The S&P/TSX Capped Health Care Index fell 1% to close out the trading session on Thursday, September 21. This index has been hit hard by volatility in the first half of this decade, largely due to its exposure to the reeling cannabis space. Indeed, investors should be looking to healthcare stocks in the 2020s. Aging demographics, medical advances, and technological development are leading to huge growth in the healthcare space.
Today, I want to sidestep the broader negativity and look at a Canadian growth stock that could see its value multiply by 10 over the next decade. Let’s dive in!
How has this growth stock performed over the past year?
WELL Health Technologies (TSX:WELL) is the growth stock that I’m targeting to start the autumn season. This practitioner-focused digital health company is based in Vancouver and operates in Canada, the United States, and around the world. Shares of this growth stock have increased 1.1% month over month as of close on Thursday, September 21. The stock has surged 54% so far in 2023.
Investors who want to see more of its recent and past performance can toggle the interactive price chart below.
Why you should be excited about the future of telehealth
The COVID-19 pandemic fundamentally changed services that traditionally required face-to-face communication. In the medical field, this led to a sharp rise in the use of telehealth services. Telehealth is health care that is provided remotely to a patient through digital communication. These services saw a sharp rise during the COVID-19 pandemic. While the end of the pandemic saw a turn back to face-to-face services, this does not mean that telehealth usage will go away. On the contrary, the rise of telehealth could allow for an easier way to serve patients as hospitals and family doctors are overwhelmed by demand.

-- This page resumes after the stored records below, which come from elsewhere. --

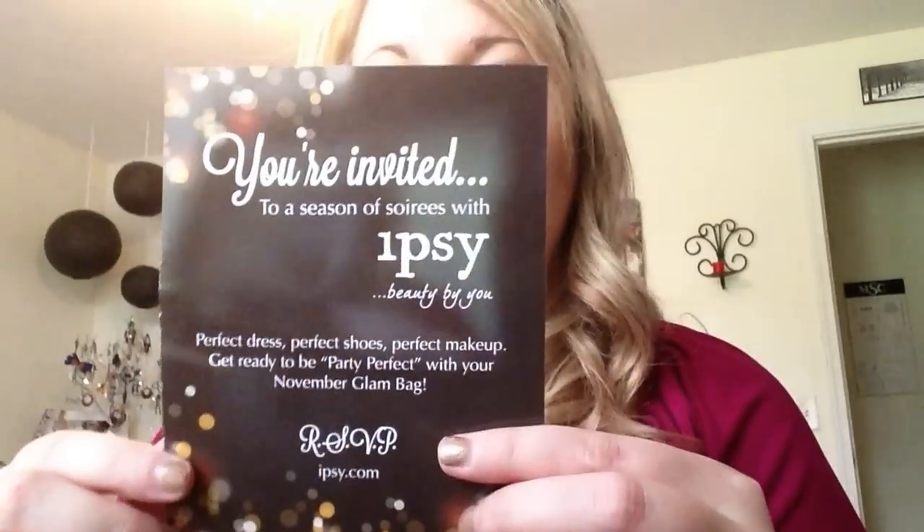Hi there. It's been a while since I've done a video. I've been really sick and not feeling so great, but I have gotten some really cool stuff that I wanted to show you. This month, first of all, I got my Ipsy bag, which the theme was Party Perfect.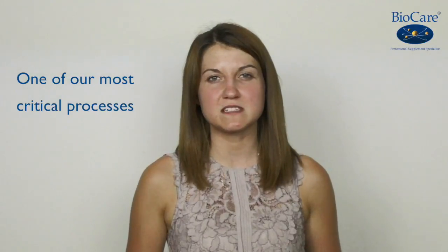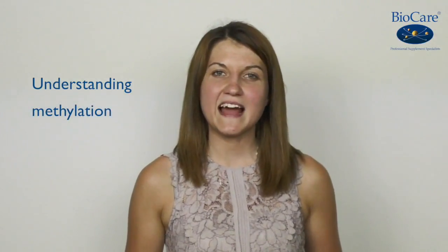Hi there, it's Marta from Clinical Nutrition. Today I'd like to talk to you about a process that we could argue is the most critical process that underpins our health and well-being. This process is called methylation. A proper understanding of how it works and how we can support it with dietary and lifestyle recommendations can really help us to optimise our health.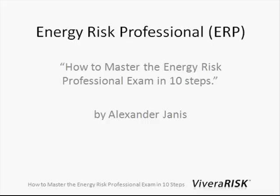Hello and welcome to this presentation about the Energy Risk Professional degree. My name is Alexander Janis and I want to show you how I mastered the Energy Risk Professional exam in ten steps.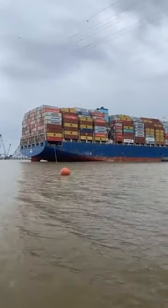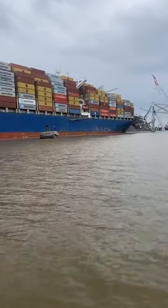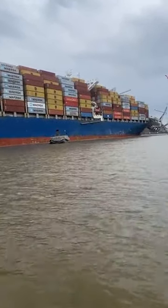I'm gonna do everything in my power not to fall in the water right now. We've seen so many pictures of this — it is so much bigger in person.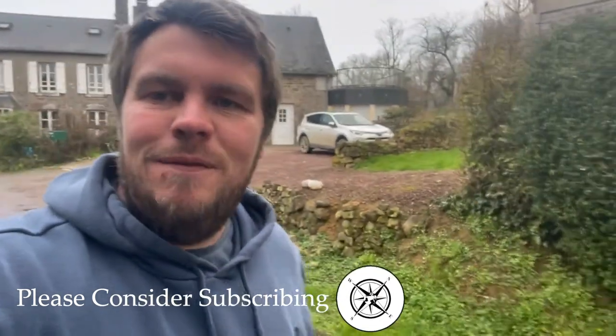So here we are, it's Friday, it's time to get exploring. Don't forget to subscribe, give us a thumbs up and let's go and see what we can find.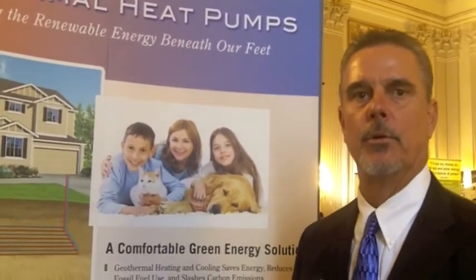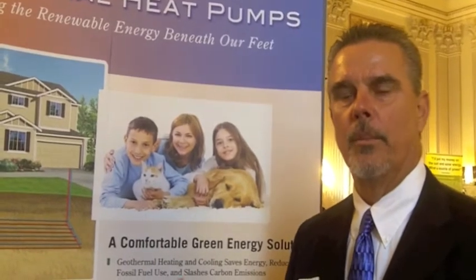A geothermal heat pump is a technology that basically uses the solar energy stored in the earth. We go below the frost line to a constant temperature and use that as a heat sink to heat and cool your home.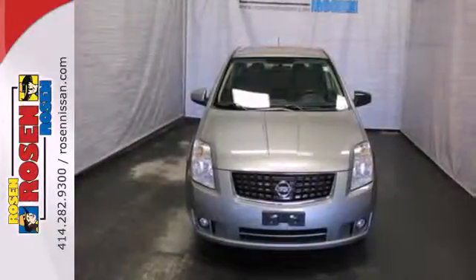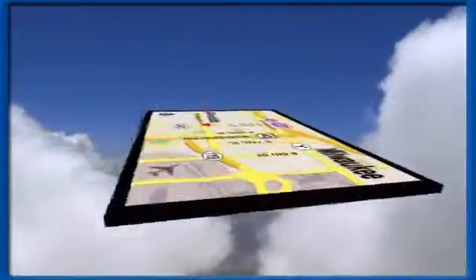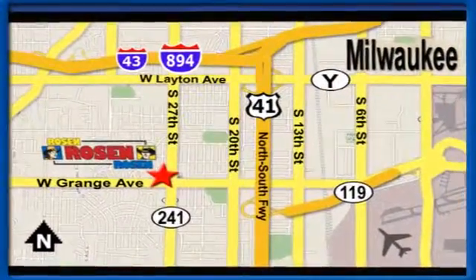Take it for a test drive today. No pressure, no games, no aggravation. That's Rosen Nissan Kia. We're conveniently located just west of Mitchell International Airport at 5505 South 27th Street.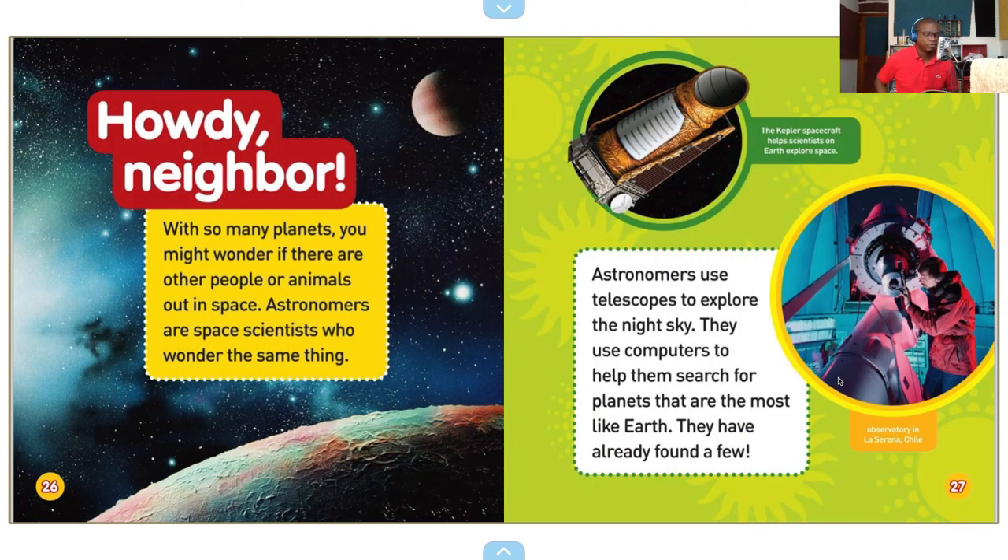Howdy neighbor. With so many planets, you might wonder if there are other people or animals out in space. Astronomers are space scientists who wonder the same thing. The Kepler spacecraft helps scientists on Earth explore space. Astronomers use telescopes to explore the night sky. They use computers to help them search for planets that are the most like Earth. They have already found a few.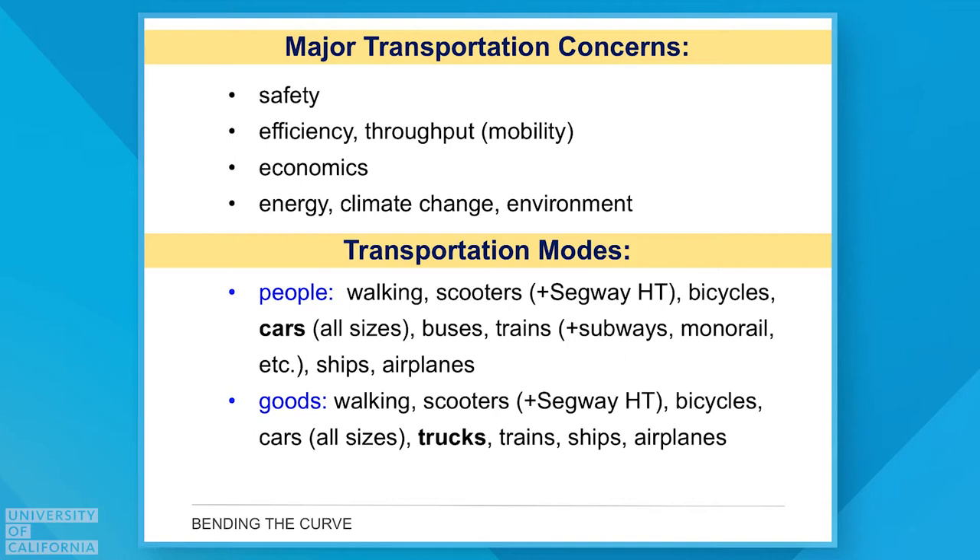We also think about how efficiently we can get from point A to point B. We often talk about throughput through our traffic network system, and we generally refer to that as mobility. Economics comes into play — we want to pay a certain amount for getting from one point to another, so pricing is an important aspect. And then when we look at greenhouse gases, energy needs, and criteria pollutant emissions, that's another very important aspect of transportation.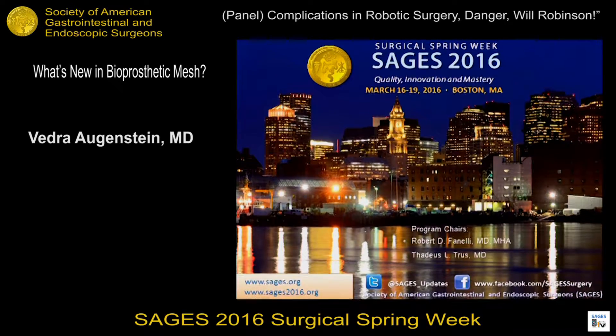That was a great review. Next we have Dr. Vedra Augenstein from Carolinas Medical Center, and she is going to enlighten us as to what's new in bioprosthetic mesh.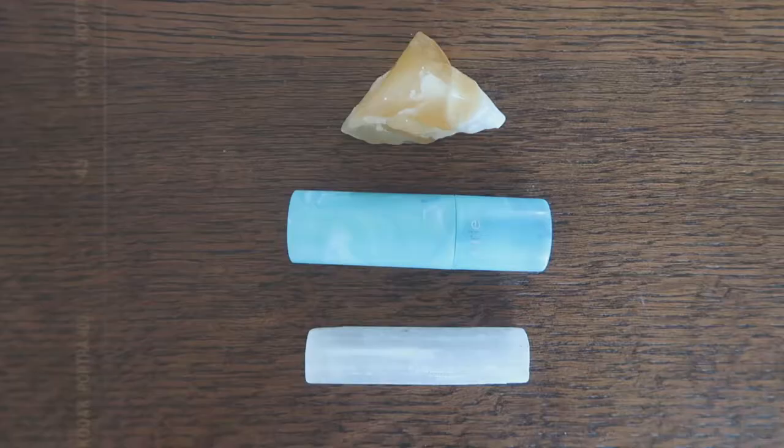Next is the Urban Decay 24-7 Glide-On Pencil in Peyote, and also the Tarte Rainforest of the Sea in Salt Life. I really like this liner — it's a nice color. I think it's a little more on the blushy side.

Grand View Research recently valued the global telehealth market at US$83.5 billion in 2022. The same report projects that this market will deliver a compound annual growth rate (CAGR) of 24% from 2023 through to 2030. Fortune Business Insights also projected that the global telehealth market would achieve a CAGR of 19% from 2023 to 2030. It valued the 2022 market at US$128 billion and expects it to grow to US$504 billion by the end of the forecast period.
Should investors be happy with WELL Health’s recent earnings?
This company released its second-quarter (Q2) fiscal 2023 earnings on August 10. WELL Health achieved record quarterly revenues of $170 million. That marks the 18th straight quarter that the company had posted record revenues.
EBITDA stands for earnings before interest, taxes, depreciation, and amortization, aiming to give a clearer picture of a company’s profitability. WELL Health achieved record adjusted EBITDA of $27.8 million in Q2 2023. The company also surpassed one million patient visits in the quarter for the first time. This strong quarter inspired WELL Health to bolster its guidance. It now expects total revenue between $740 million and $760 million.
Here’s why I’m stacking shares of this growth stock right now!
Shares of this growth stock are trading in favourable value territory compared to its industry peers at the time of this writing. Better yet, WELL Health is on track for phenomenal earnings growth in the quarters and years ahead. Investors should be eager to seek exposure to the telehealth space in 2023 and beyond. It is not too late to snatch up many shares of WELL Health.